=== INFORMATION ===

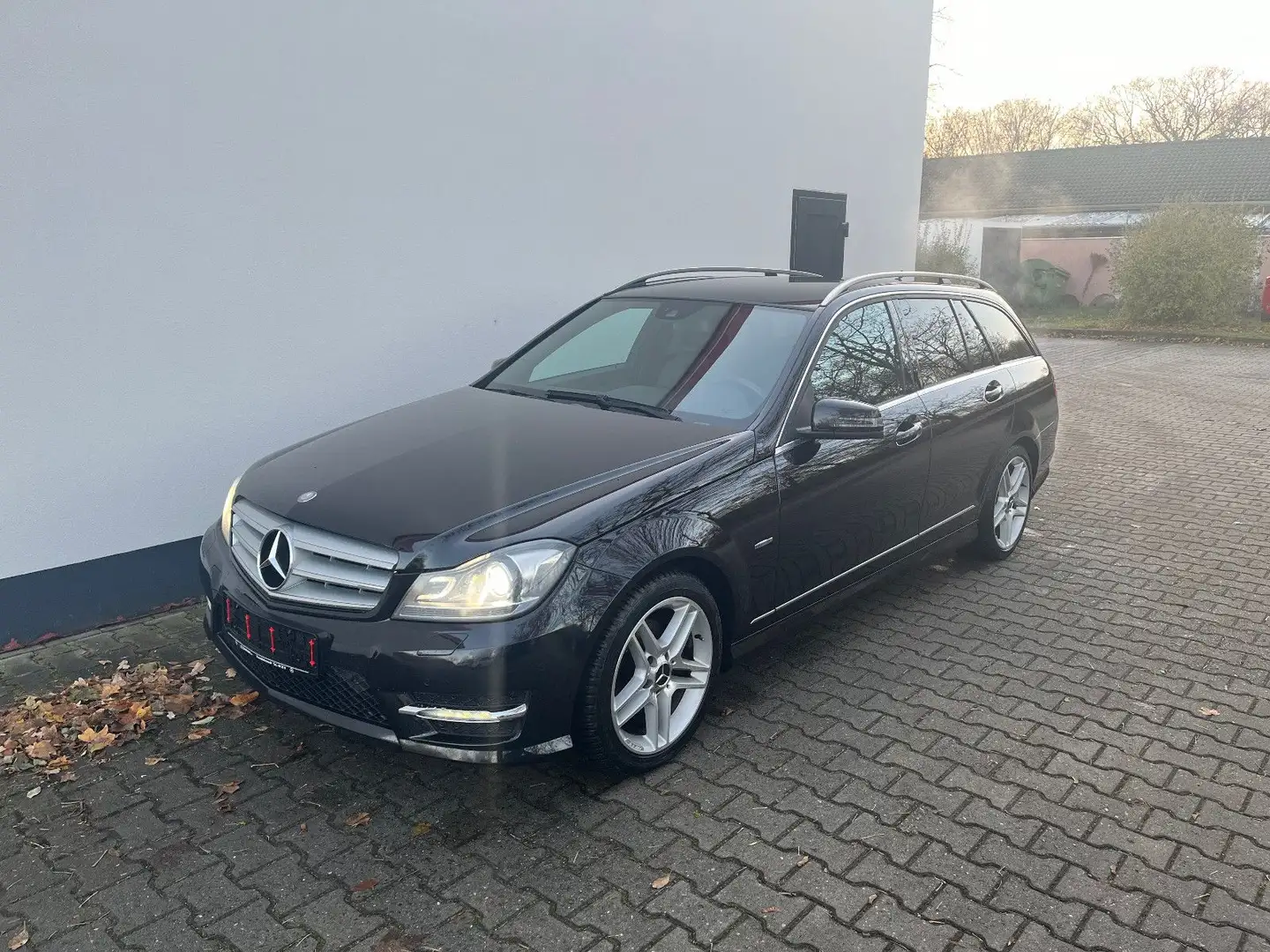 Mercedes-Benz C 180 C -Klasse T-Modell C 180 T AMG-Paket Noir - 2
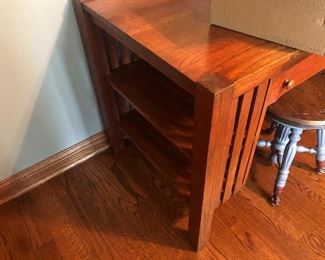 mission oak/ arts and crafts style desk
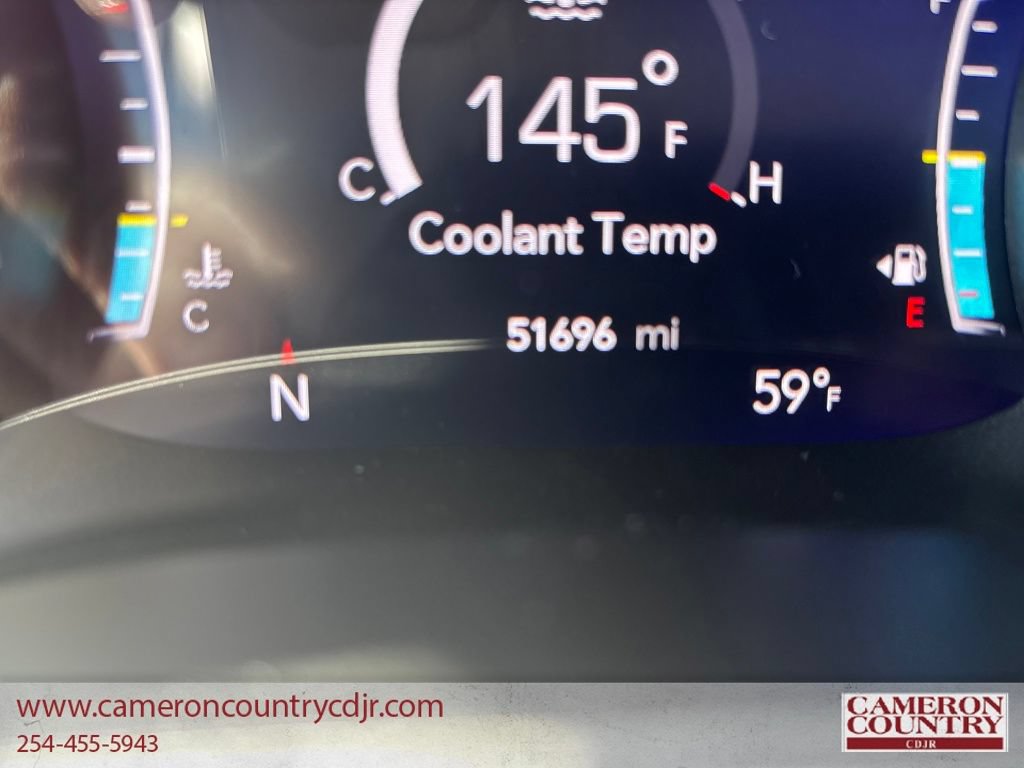 Used 2023 Chrysler Pacifica Touring-L FWD image 16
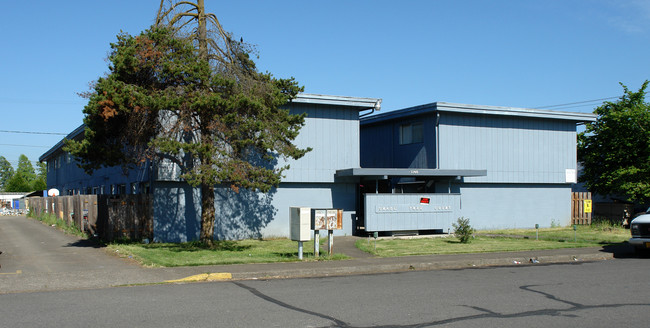 Shade Tree Court in Eugene, OR - Foto de edificio - Building Photo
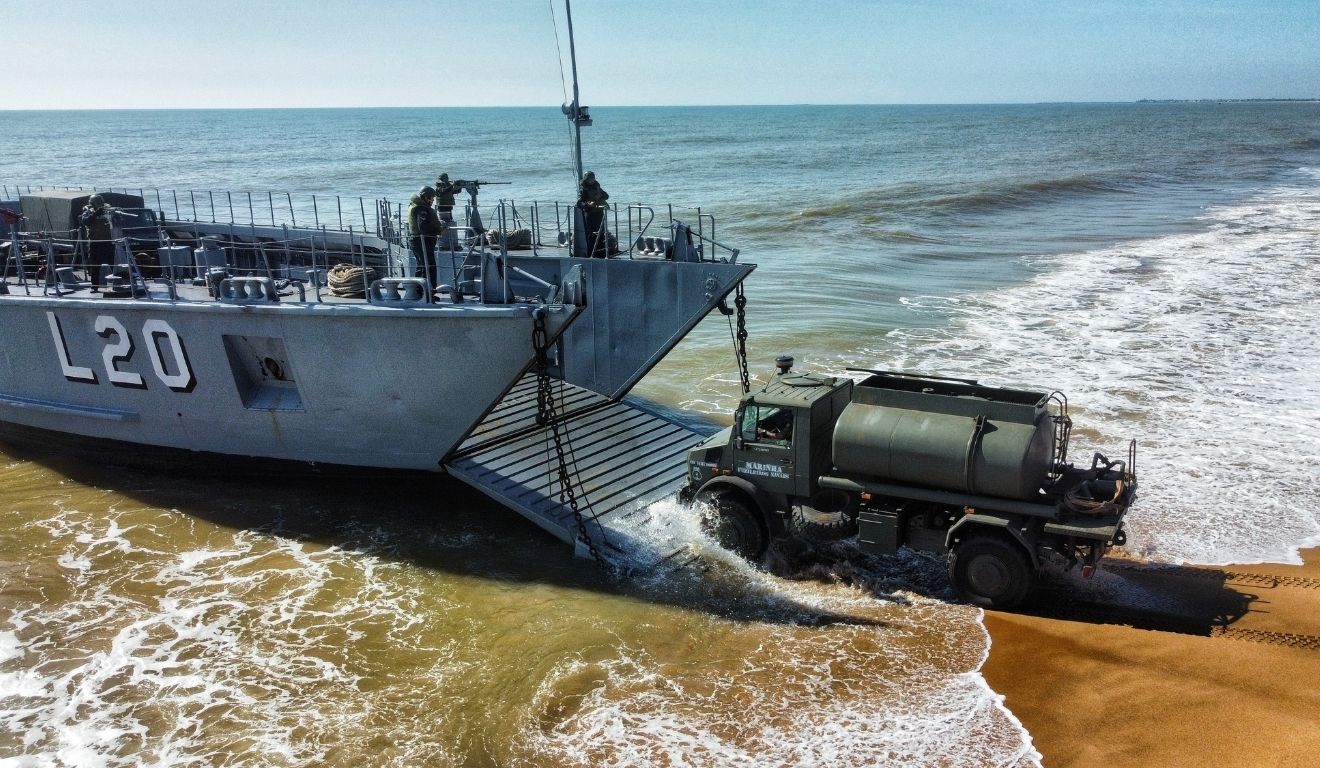 Megaoperação de guerra da Marinha tem caças, blindados e navios no litoral do ES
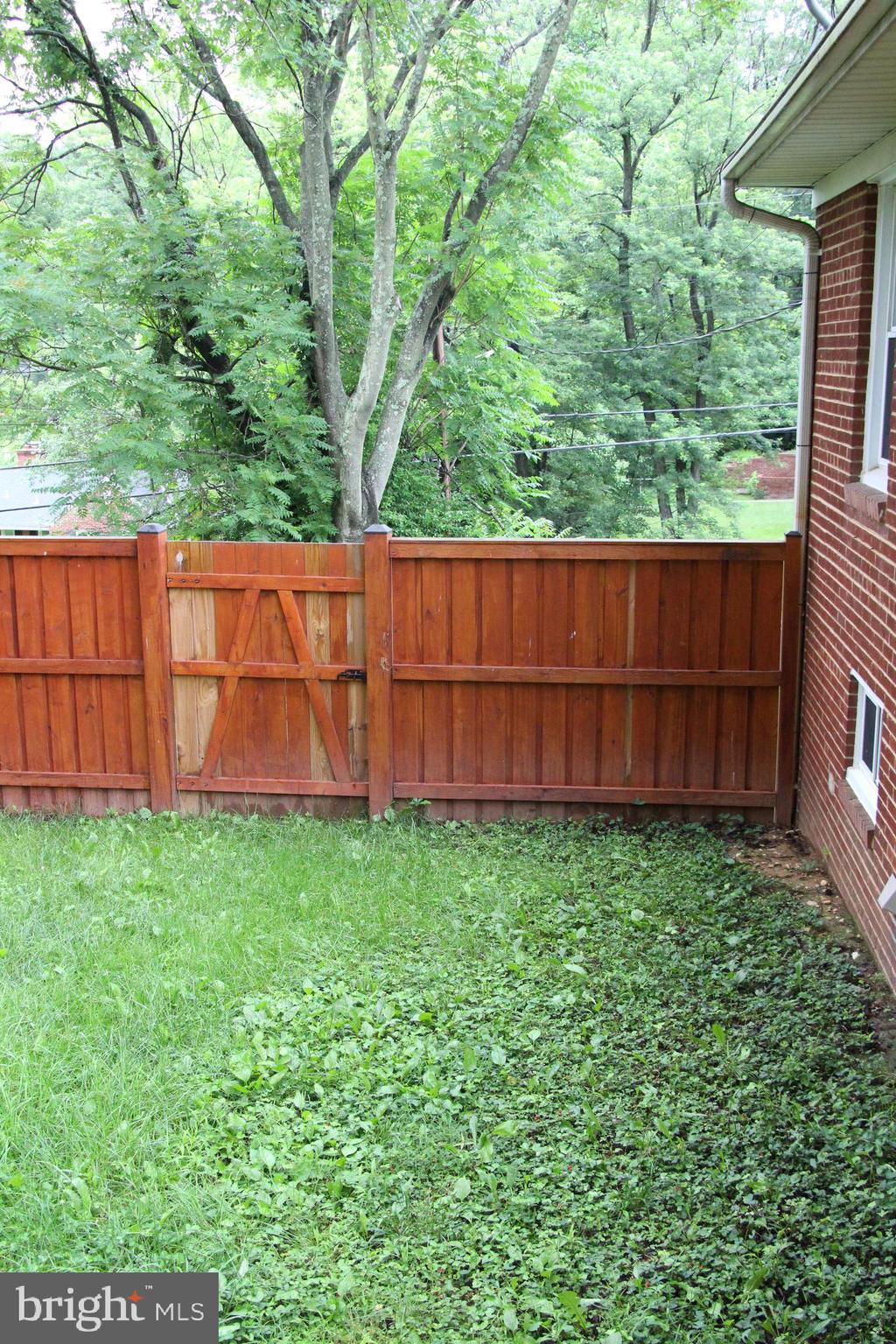 5600 Brookland Road Alexandria, VA 22310 - Photo 17 of 41 Home Located up on top of a hill!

===

EXERCISE DESCRIPTION
The listing above must be restated word for word. Its pictures are to be left out.

SOLUTION TO THIS PROBLEM
 Mercedes-Benz C 180 C -Klasse T-Modell C 180 T AMG-Paket Noir - 2
 mission oak/ arts and crafts style desk
 Used 2023 Chrysler Pacifica Touring-L FWD image 16
 Shade Tree Court in Eugene, OR - Foto de edificio - Building Photo
 Megaoperação de guerra da Marinha tem caças, blindados e navios no litoral do ES
 5600 Brookland Road Alexandria, VA 22310 - Photo 17 of 41 Home Located up on top of a hill!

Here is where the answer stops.